Armed officers are a welcome sight for most Plum School District community members
Armed retired police officers have patrolled Plum schools for the past few months, and many students and parents believe their district is safer for it.
“I have kids at Center and Holiday Park (elementary schools),” said parent Rebecca Wawrzyniak. “My children have both said they feel safe at school now. They know what has happened at other schools. I trust the district is doing everything it can to keep our children safe.”
The district formed its own police force last year that is led by retired McKeesport Capt. of Detectives Tim Hanna.
He and two retired New Kensington officers, Joe Locke and Craig Harnish, make up the department so far.
Hanna is stationed at the high school and splits time at the other facilities. Locke checks in on Oblock Junior High and Holiday Park Elementary while Harnish can be seen at Center and Pivik elementary schools.
The officers wear black-collared shirts with their names and title on the right side of their chest.
They’re also assisted by a school resource officer provided by Plum police department.
District officials plan to hire three more officers by the end of the month so all schools have at least one armed officer.
All district police are expected to become certified school resource officers by mid-June.
Center Elementary fourth-grader Zoey Knight, 10, said she sees Harnish every day.
“I like how they walk around and make sure everybody’s safe,” she said. “He pops in and says, ‘Hi.’”
Center kindergartner Isaac Kirchner, 5, said the same thing while talking about dragons in teacher Kirstin Vinton’s class.
“He’s a friendly face and they know he’s here to help them,” Vinton said about Harnish. “He and I have talked about what safety precautions I can put in my room. It’s been more of a resource to make it a safer place if the unimaginable every happens.”
Reason for district police
The district police force was not established based on any particular Plum incident, but a proactive approach to prevent tragedy after the mass shootings around the country the past few years.
“They are trained and prepared to be armed, and I much rather them be armed and never need their firearm over the alternative of them being unable to stop an active shooter and a child is hurt,” said John Hanscom, who has young boys at Holiday Park and Center.
The officers provided active shooter training and enhanced lockdown drills as part of high school safety efforts.

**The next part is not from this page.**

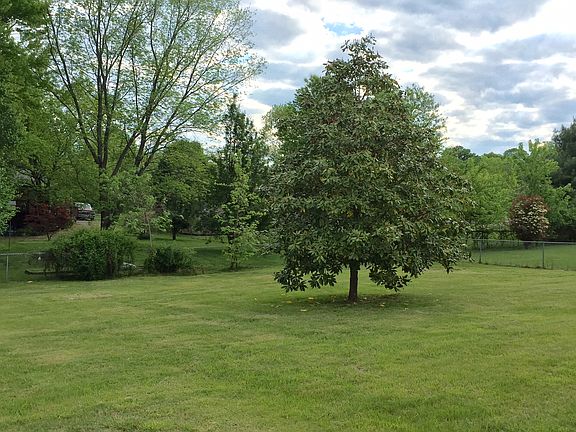 2nd image of 3107 Caribou Dr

“I feel it’s sad that we live in a time and age where that’s necessary, but I do feel it is necessary,” said Jonah Babusci, senior and school board representative. “They’re always friendly. They stand in the hallway and have offices where they talk with troubled students sometimes.”
Officers said being present, accessible and having good student relationships can make a world of difference in a school district.
Harnish said he treats each student like part of his family. He has three kids, two step-children and nine grandchildren.
“I know that if it was my kids that were in here, how I would want the police officers to act and what their responsibilities were,” he said. “That’s what I’m trying to live up to.”
The officers also come up with different initiatives to help improve Plum’s already robust security programs.
Locke introduced a public service announcement contest for students to educate them about the dangers of vaping and e-cigarettes.
The district has policies that prohibits students from having such devices.
“Being positive role models to the kids is something that we enjoy,” Locke said. “Making sure they feel comfortable with us and feel safe at the schools.”
Superintendent Brendan Hyland credited board Vice President Vicky Roessler as the staunchest advocate for the police force, and the officers have become a significant part of the district family.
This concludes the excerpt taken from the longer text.